1. Centrifuge the vial before opening to ensure all lyophilized protein is at the bottom.

2. Reconstitution buffer:

   • Use sterile phosphate-buffered saline (PBS), pH 7.2–7.3, as this is the buffer in which the protein was originally lyophilized.
   • For enhanced stability and to prevent adsorption, add a carrier protein such as 0.1%–0.5% bovine serum albumin (BSA) or human serum albumin to the PBS.

3. Reconstitution concentration:

   • A typical starting concentration is 100 µg/mL.
   • If a different concentration is required for your application, adjust accordingly, but avoid concentrations below 100 µg/mL to maintain stability.
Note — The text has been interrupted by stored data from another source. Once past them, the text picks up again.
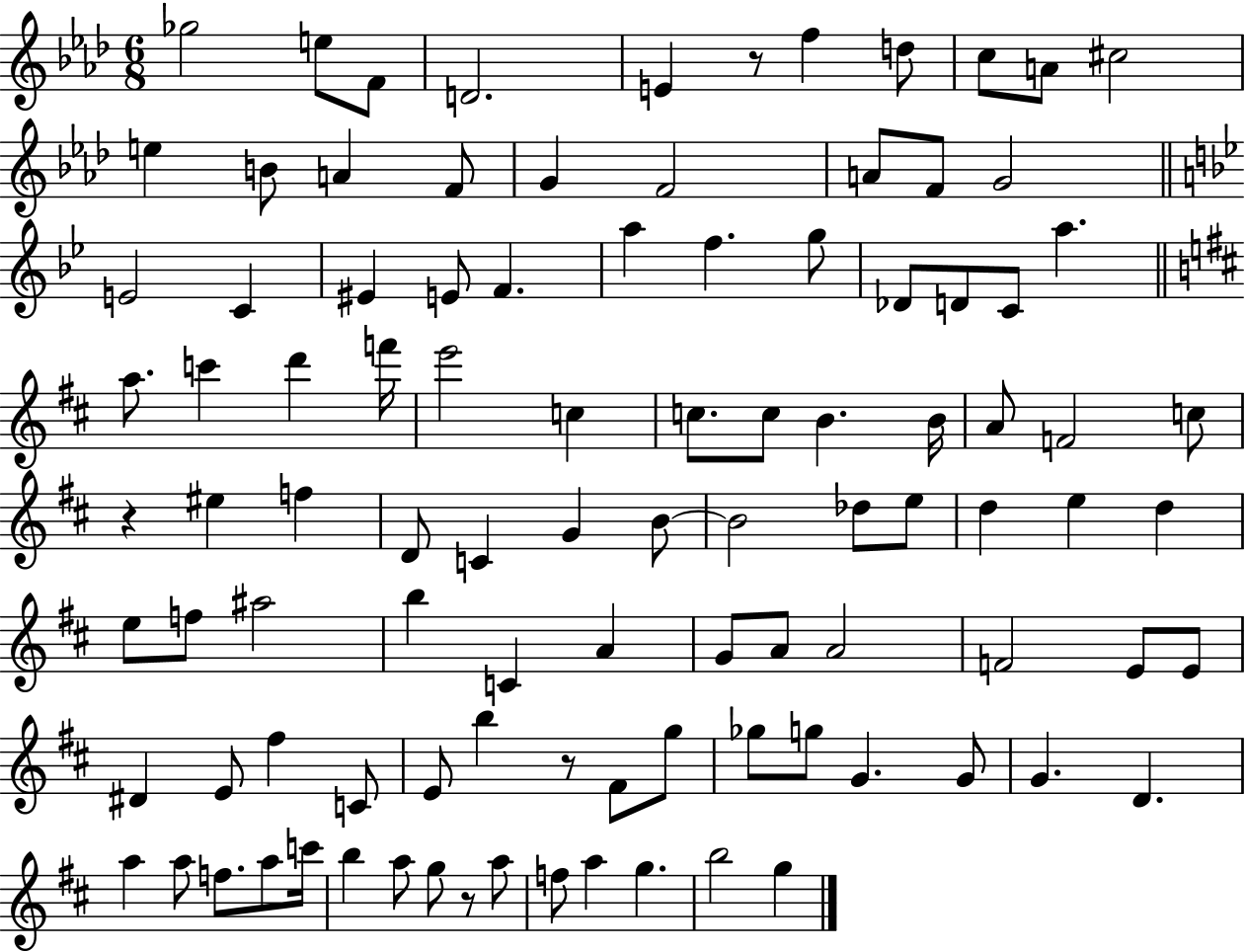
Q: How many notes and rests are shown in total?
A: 100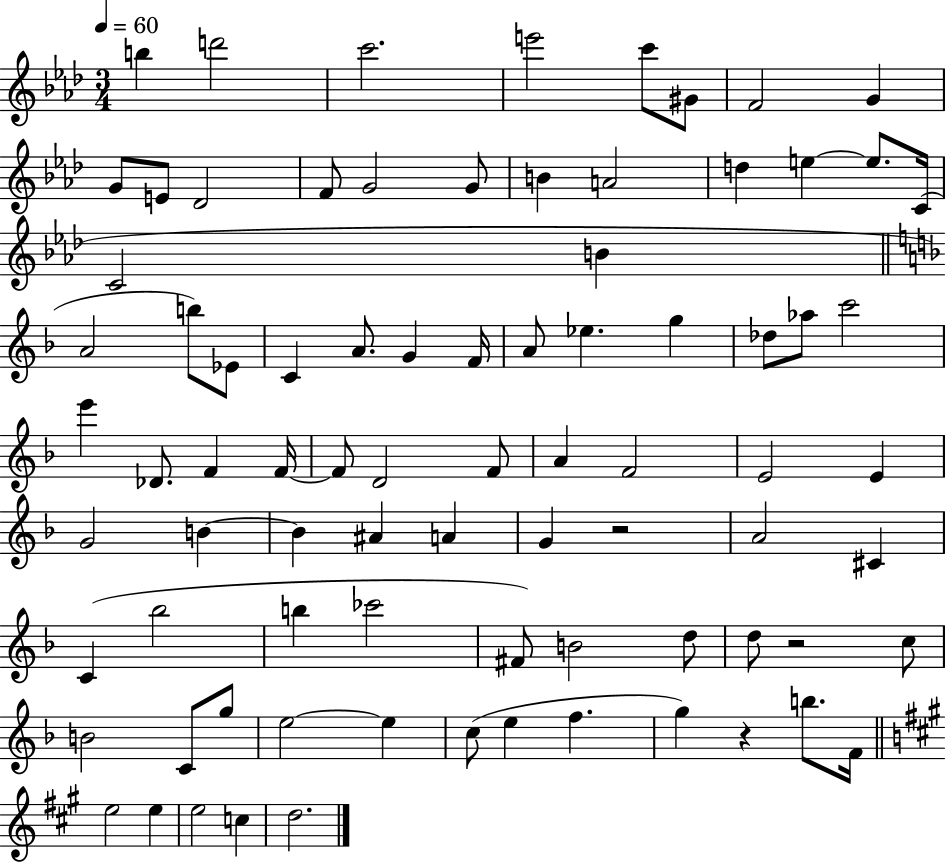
B5/q D6/h C6/h. E6/h C6/e G#4/e F4/h G4/q G4/e E4/e Db4/h F4/e G4/h G4/e B4/q A4/h D5/q E5/q E5/e. C4/s C4/h B4/q A4/h B5/e Eb4/e C4/q A4/e. G4/q F4/s A4/e Eb5/q. G5/q Db5/e Ab5/e C6/h E6/q Db4/e. F4/q F4/s F4/e D4/h F4/e A4/q F4/h E4/h E4/q G4/h B4/q B4/q A#4/q A4/q G4/q R/h A4/h C#4/q C4/q Bb5/h B5/q CES6/h F#4/e B4/h D5/e D5/e R/h C5/e B4/h C4/e G5/e E5/h E5/q C5/e E5/q F5/q. G5/q R/q B5/e. F4/s E5/h E5/q E5/h C5/q D5/h.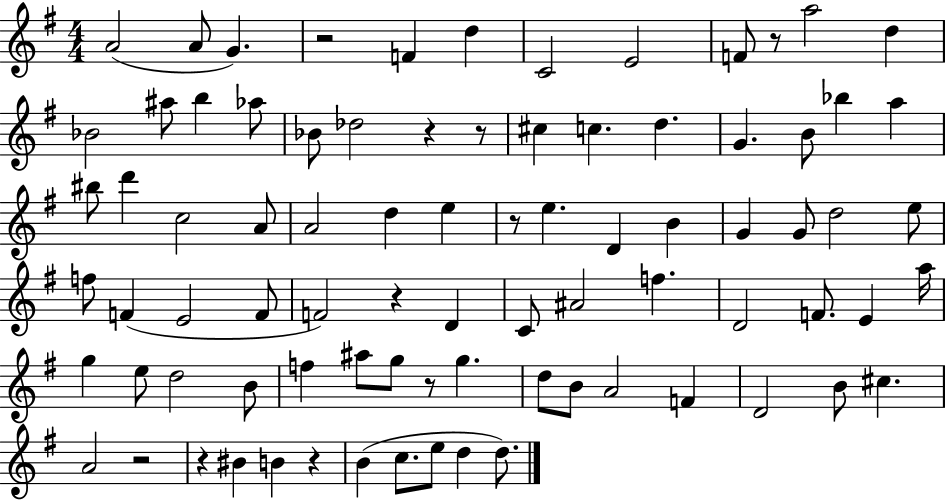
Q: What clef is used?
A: treble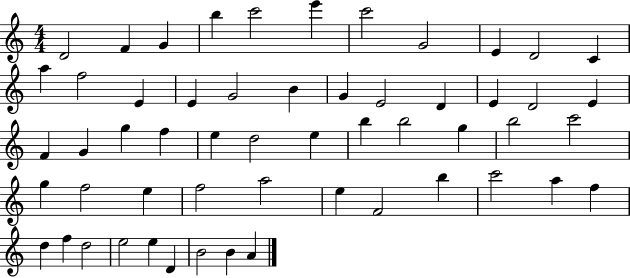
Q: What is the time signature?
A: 4/4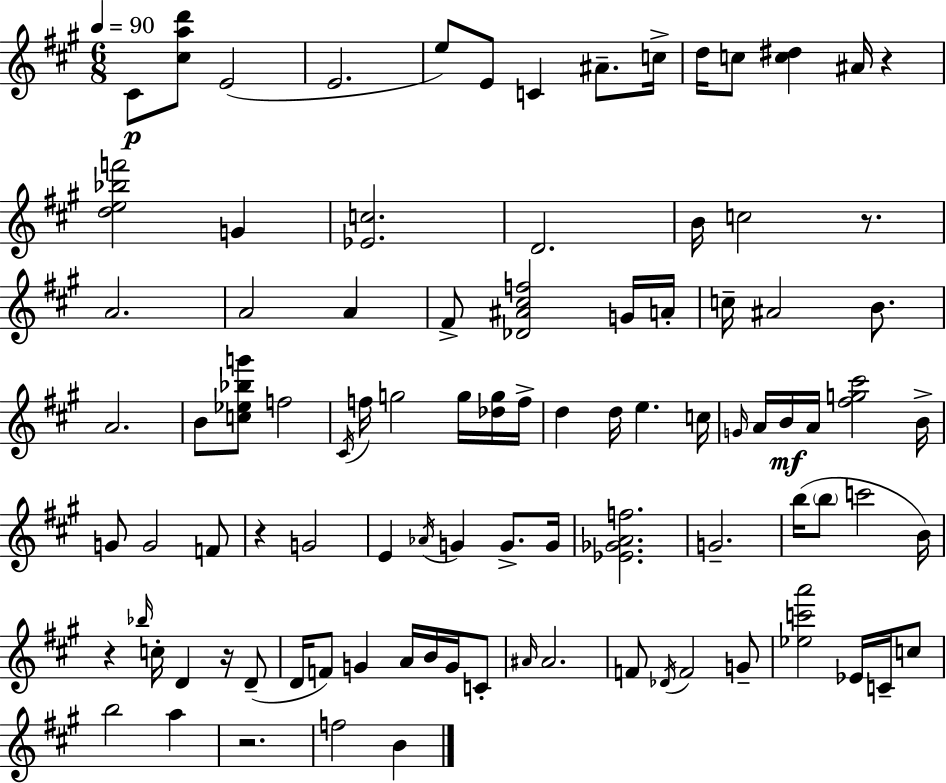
X:1
T:Untitled
M:6/8
L:1/4
K:A
^C/2 [^cad']/2 E2 E2 e/2 E/2 C ^A/2 c/4 d/4 c/2 [c^d] ^A/4 z [de_bf']2 G [_Ec]2 D2 B/4 c2 z/2 A2 A2 A ^F/2 [_D^A^cf]2 G/4 A/4 c/4 ^A2 B/2 A2 B/2 [c_e_bg']/2 f2 ^C/4 f/4 g2 g/4 [_dg]/4 f/4 d d/4 e c/4 G/4 A/4 B/4 A/4 [^fg^c']2 B/4 G/2 G2 F/2 z G2 E _A/4 G G/2 G/4 [_E_GAf]2 G2 b/4 b/2 c'2 B/4 z _b/4 c/4 D z/4 D/2 D/4 F/2 G A/4 B/4 G/4 C/2 ^A/4 ^A2 F/2 _D/4 F2 G/2 [_ec'a']2 _E/4 C/4 c/2 b2 a z2 f2 B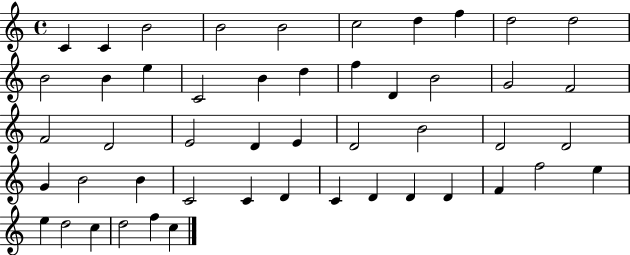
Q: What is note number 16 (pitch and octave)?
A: D5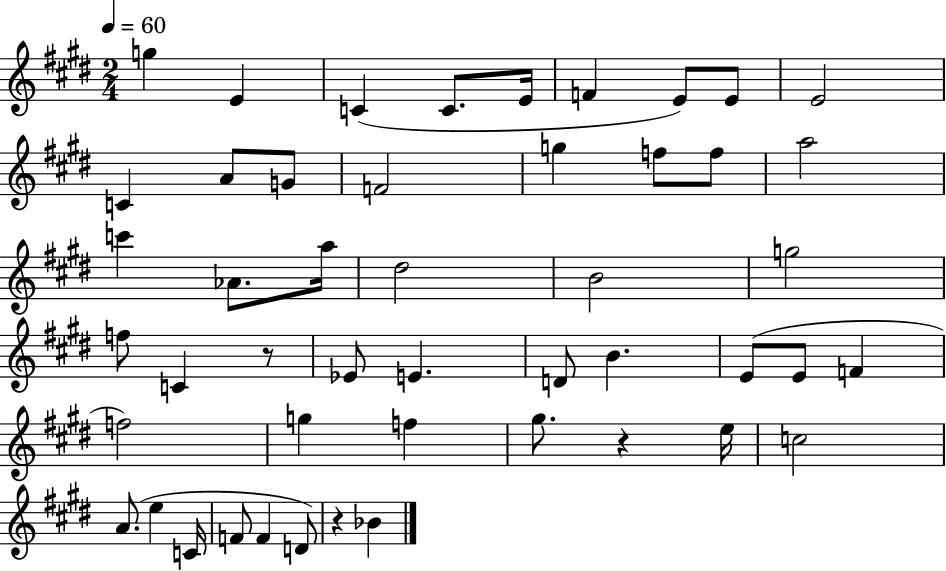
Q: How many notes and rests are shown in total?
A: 48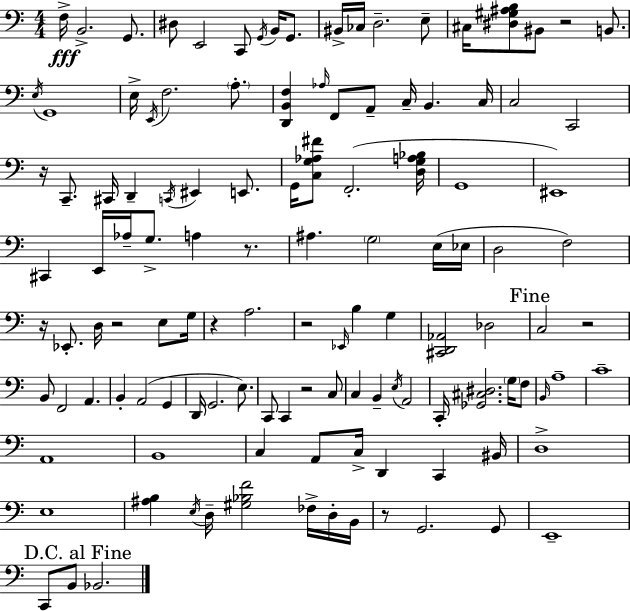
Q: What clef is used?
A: bass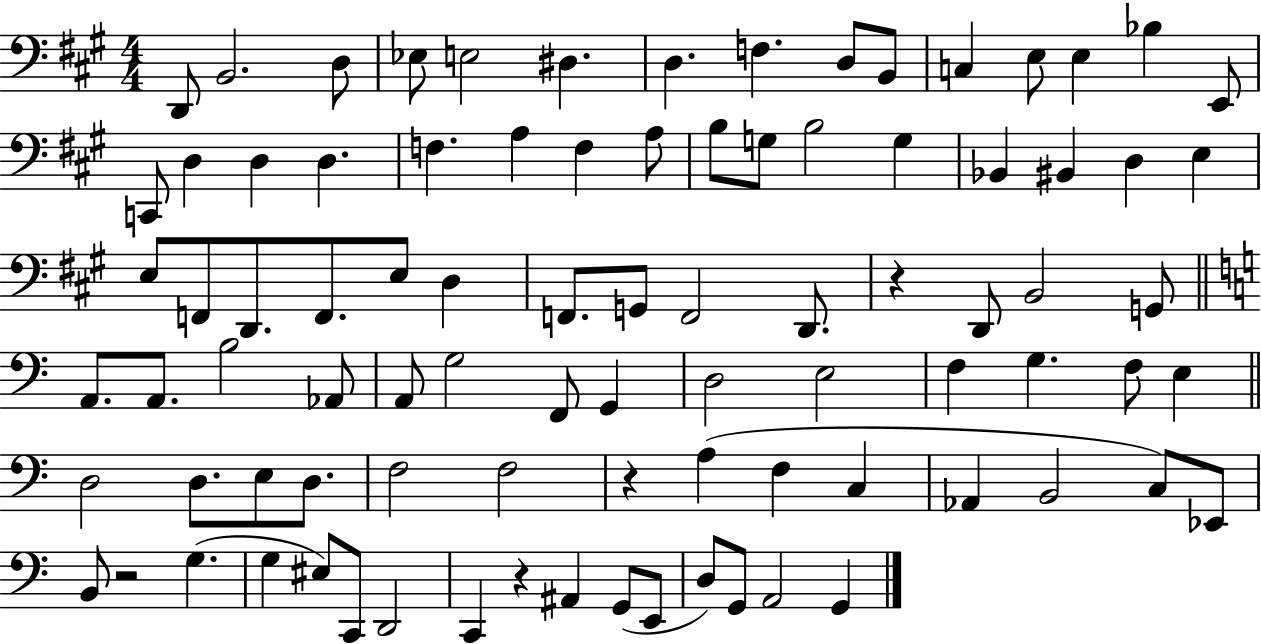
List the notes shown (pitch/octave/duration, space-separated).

D2/e B2/h. D3/e Eb3/e E3/h D#3/q. D3/q. F3/q. D3/e B2/e C3/q E3/e E3/q Bb3/q E2/e C2/e D3/q D3/q D3/q. F3/q. A3/q F3/q A3/e B3/e G3/e B3/h G3/q Bb2/q BIS2/q D3/q E3/q E3/e F2/e D2/e. F2/e. E3/e D3/q F2/e. G2/e F2/h D2/e. R/q D2/e B2/h G2/e A2/e. A2/e. B3/h Ab2/e A2/e G3/h F2/e G2/q D3/h E3/h F3/q G3/q. F3/e E3/q D3/h D3/e. E3/e D3/e. F3/h F3/h R/q A3/q F3/q C3/q Ab2/q B2/h C3/e Eb2/e B2/e R/h G3/q. G3/q EIS3/e C2/e D2/h C2/q R/q A#2/q G2/e E2/e D3/e G2/e A2/h G2/q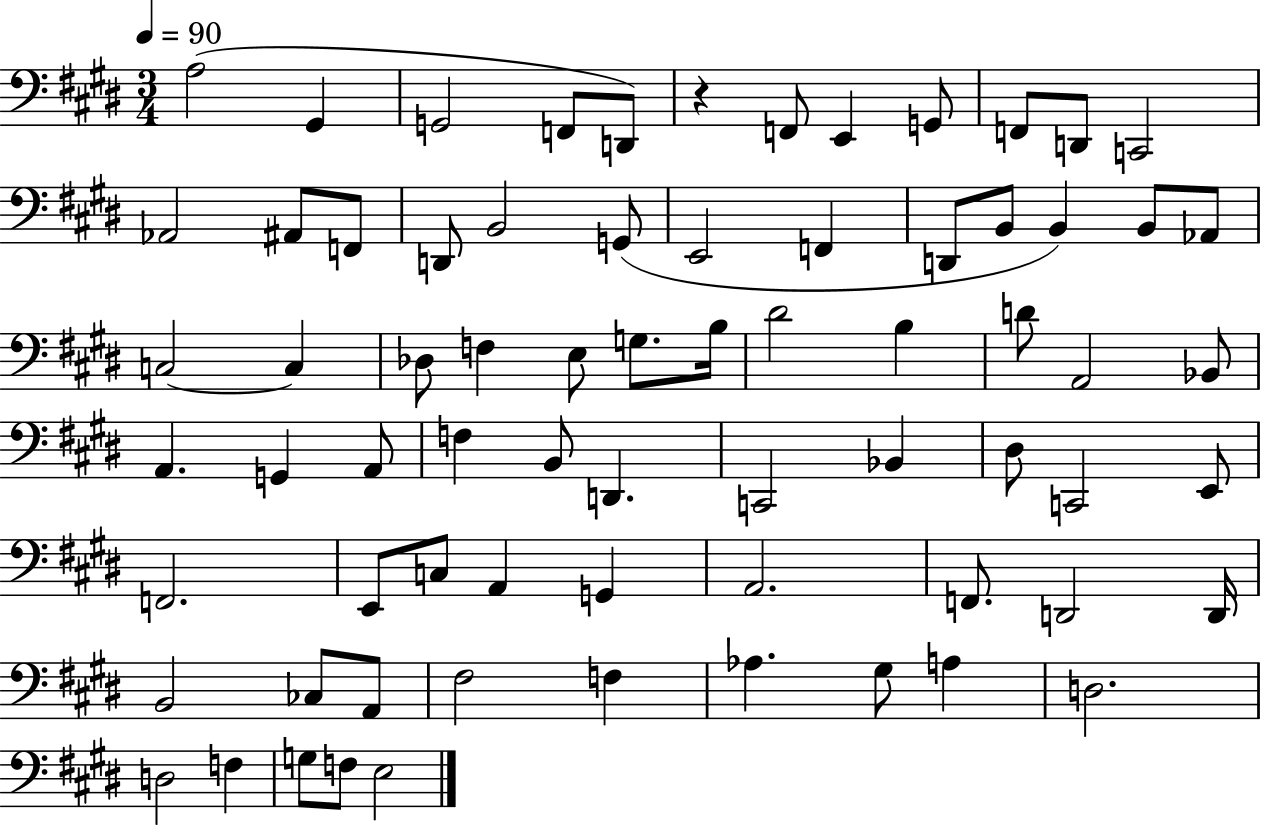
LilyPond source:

{
  \clef bass
  \numericTimeSignature
  \time 3/4
  \key e \major
  \tempo 4 = 90
  a2( gis,4 | g,2 f,8 d,8) | r4 f,8 e,4 g,8 | f,8 d,8 c,2 | \break aes,2 ais,8 f,8 | d,8 b,2 g,8( | e,2 f,4 | d,8 b,8 b,4) b,8 aes,8 | \break c2~~ c4 | des8 f4 e8 g8. b16 | dis'2 b4 | d'8 a,2 bes,8 | \break a,4. g,4 a,8 | f4 b,8 d,4. | c,2 bes,4 | dis8 c,2 e,8 | \break f,2. | e,8 c8 a,4 g,4 | a,2. | f,8. d,2 d,16 | \break b,2 ces8 a,8 | fis2 f4 | aes4. gis8 a4 | d2. | \break d2 f4 | g8 f8 e2 | \bar "|."
}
4. Dissolving the protein:

   • Gently add the calculated volume of buffer to the vial.
   • Do not vortex; gently swirl or invert the vial to dissolve the protein.
   • If the protein appears as a film, allow it to fully dissolve by gentle mixing.

5. Aliquoting:

   • Once fully dissolved, aliquot the solution into single-use volumes to avoid repeated freeze-thaw cycles, which can degrade the protein.

6. Storage after reconstitution:

   • Store aliquots at 2–8°C for up to one month or at –20°C to –70°C for longer-term storage.
   • Avoid repeated freeze-thaw cycles.

7. Working solution for cell culture:

   • For cell culture, dilute the stock solution to the desired working concentration using cell culture medium or PBS with carrier protein (e.g., 0.1% BSA).
   • Filter sterilize if necessary, using a 0.2 µm filter.

Summary Table: Reconstitution and Storage

Additional notes:

• Always consult the lot-specific datasheet or certificate of analysis for any special instructions.
• For functional assays, confirm activity using a relevant bioassay if possible.

These steps will help ensure the stability and bioactivity of Recombinant Human FGF R2α (IIIc) for your cell culture experiments.